> Instructions to follow
An exact copy, beginning at the line containing "2000x2465 Dora The" and ending at the final line of the records that follow, is the answer; it has no pictures and no other text.

> Short text fragments from websites
= = =
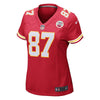 Image of Travis Kelce Kansas City Chiefs Girls Youth Game Jersey - Red 2019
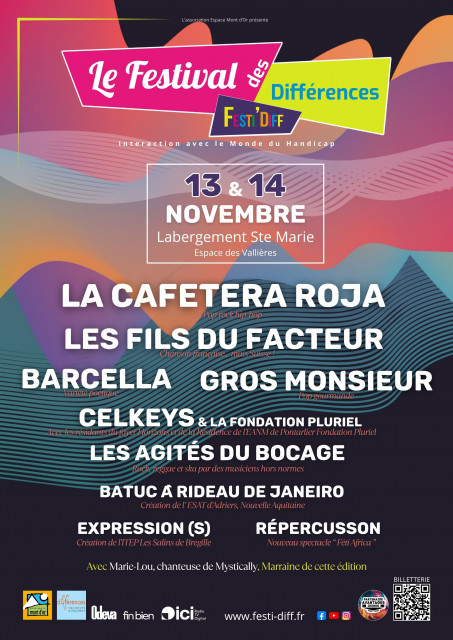 Flyers Festidiff 2026 - Affiche A1 Festi Diff 2026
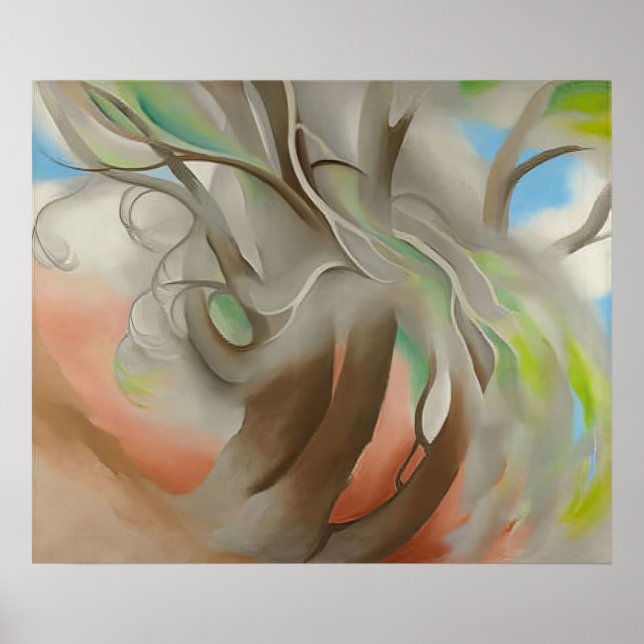 Poster Georgia O'Keeffe -  Spring Tree No. II - Précision (Devant)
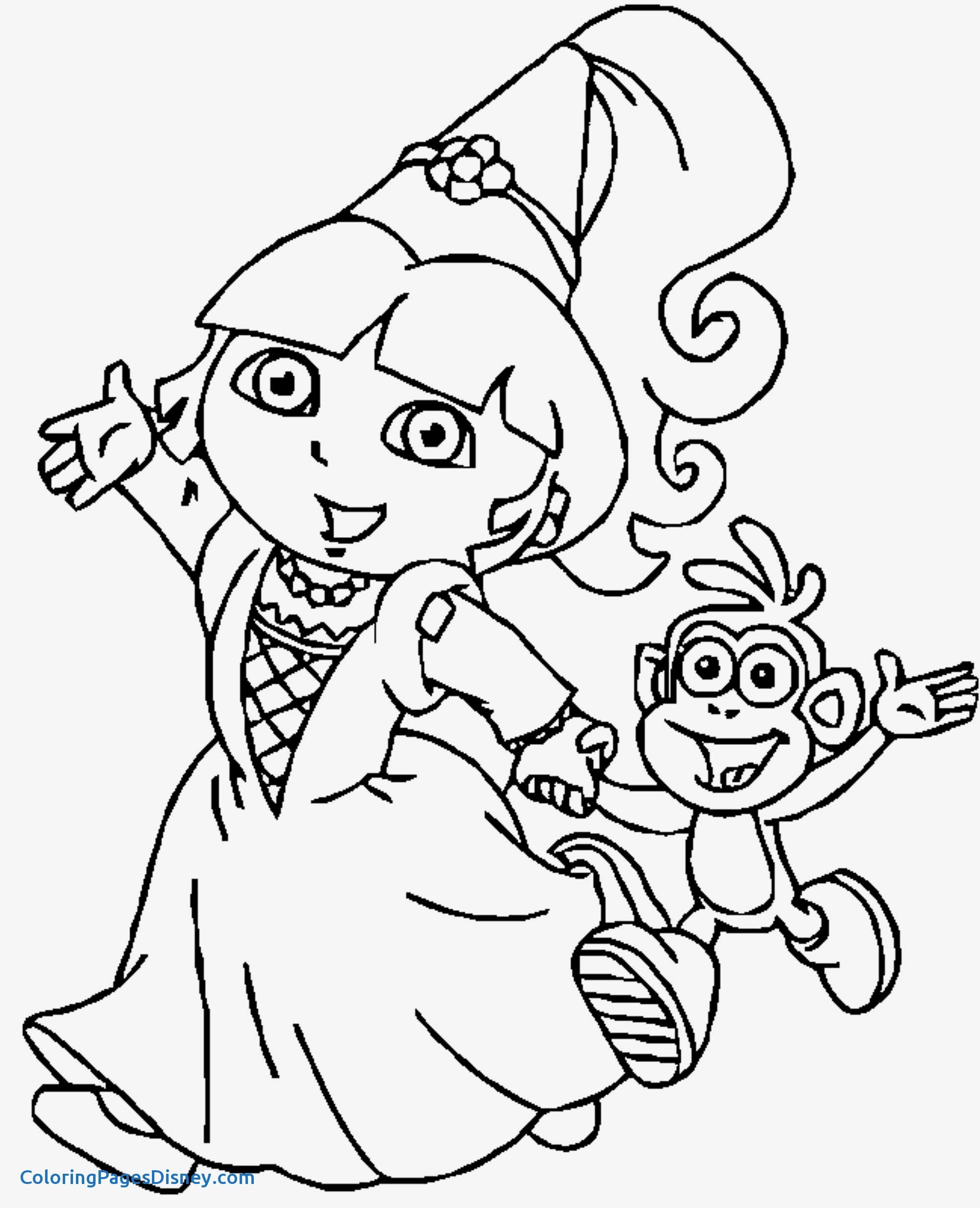 2000x2465 Dora The Explorer Coloring Pages Awesome Simple Dora Princess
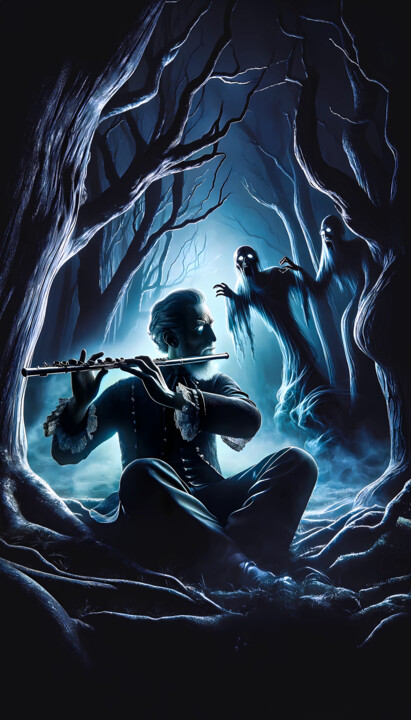 "El Guardián del Sil…" başlıklı Dijital Sanat Soulful Spectres tarafından, Orijinal sanat, AI tarafından oluşturulan görüntü…
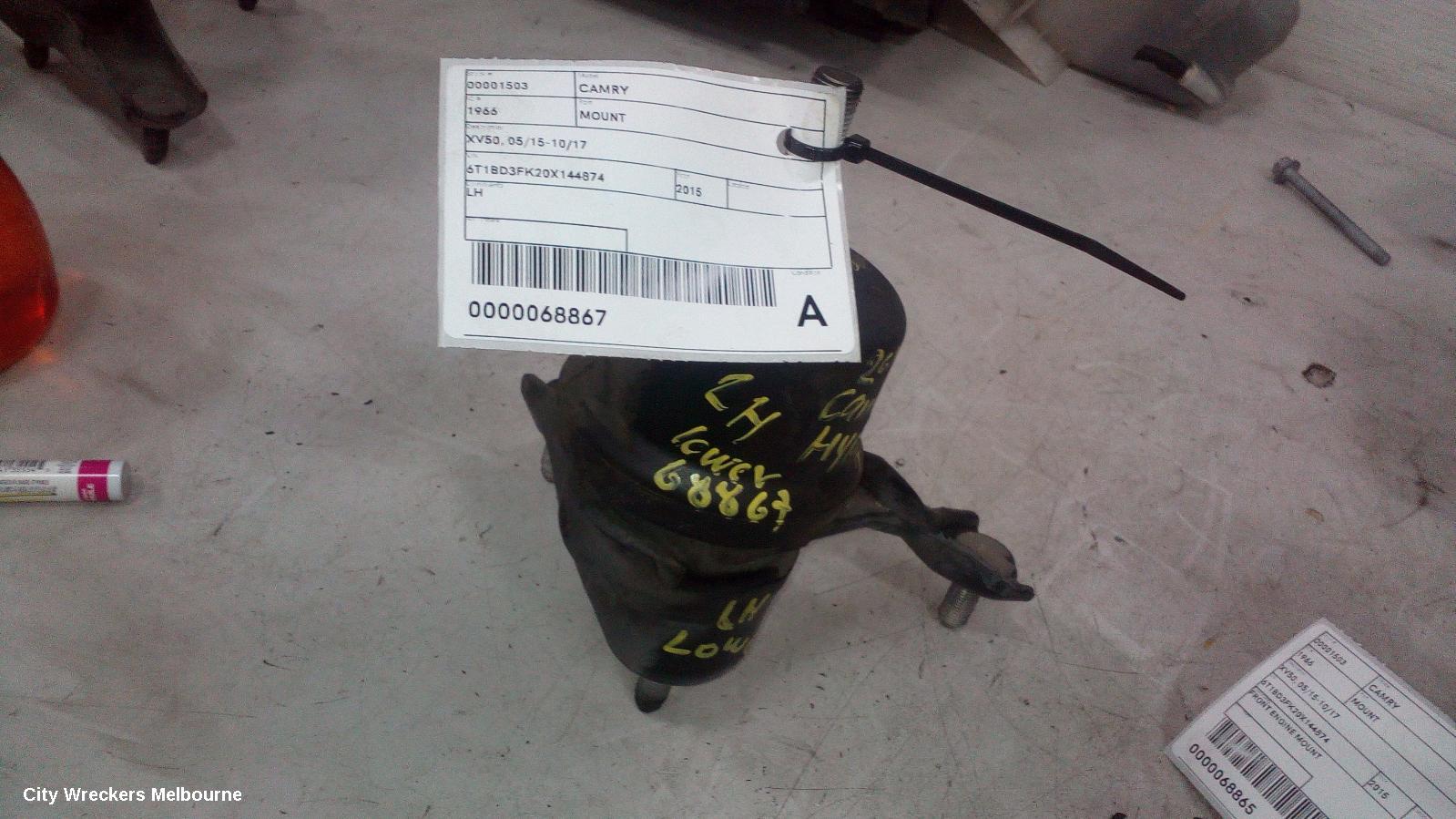 TOYOTA CAMRY MOUNT, XV50, 05/2015 - 10/2017 - Image 1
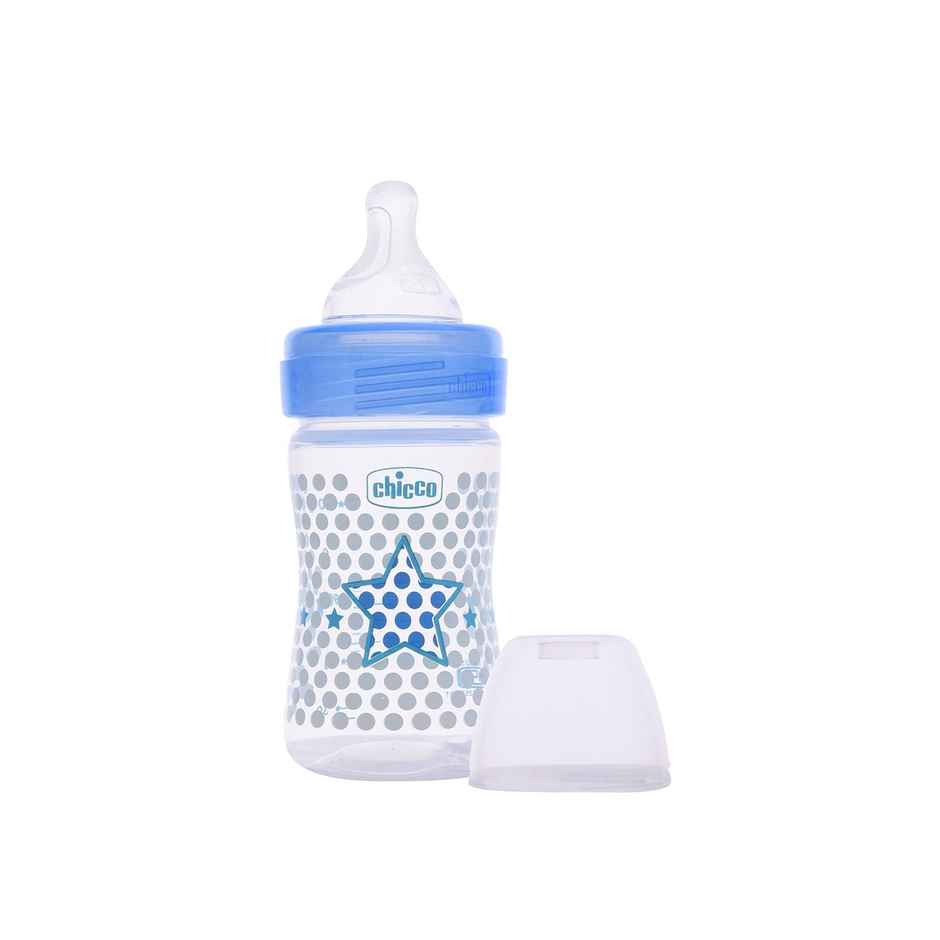 Chicco Feeding Bottle Wb Sil Physio Blue
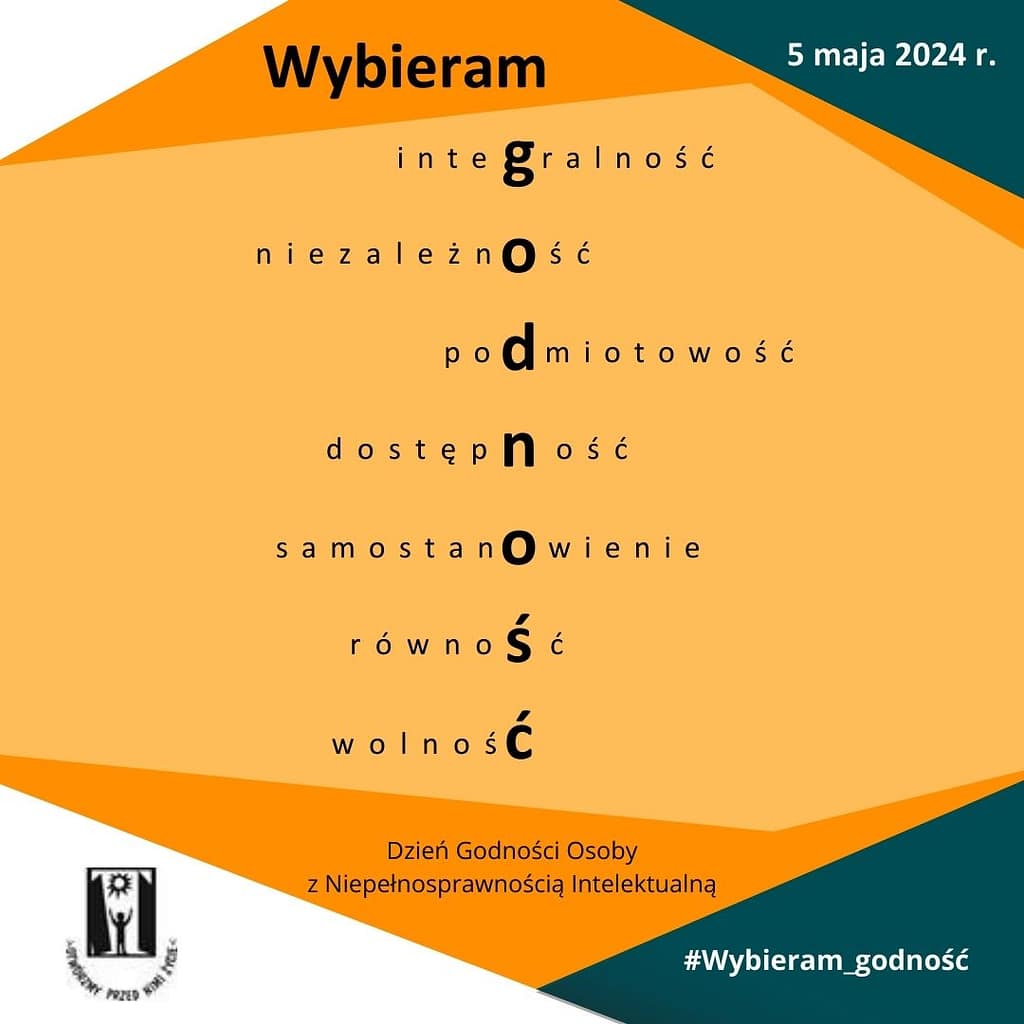 grafika z napisem wybieram godność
= = =
> Exercise answer
 2000x2465 Dora The Explorer Coloring Pages Awesome Simple Dora Princess
 "El Guardián del Sil…" başlıklı Dijital Sanat Soulful Spectres tarafından, Orijinal sanat, AI tarafından oluşturulan görüntü…
 TOYOTA CAMRY MOUNT, XV50, 05/2015 - 10/2017 - Image 1
 Chicco Feeding Bottle Wb Sil Physio Blue
 grafika z napisem wybieram godność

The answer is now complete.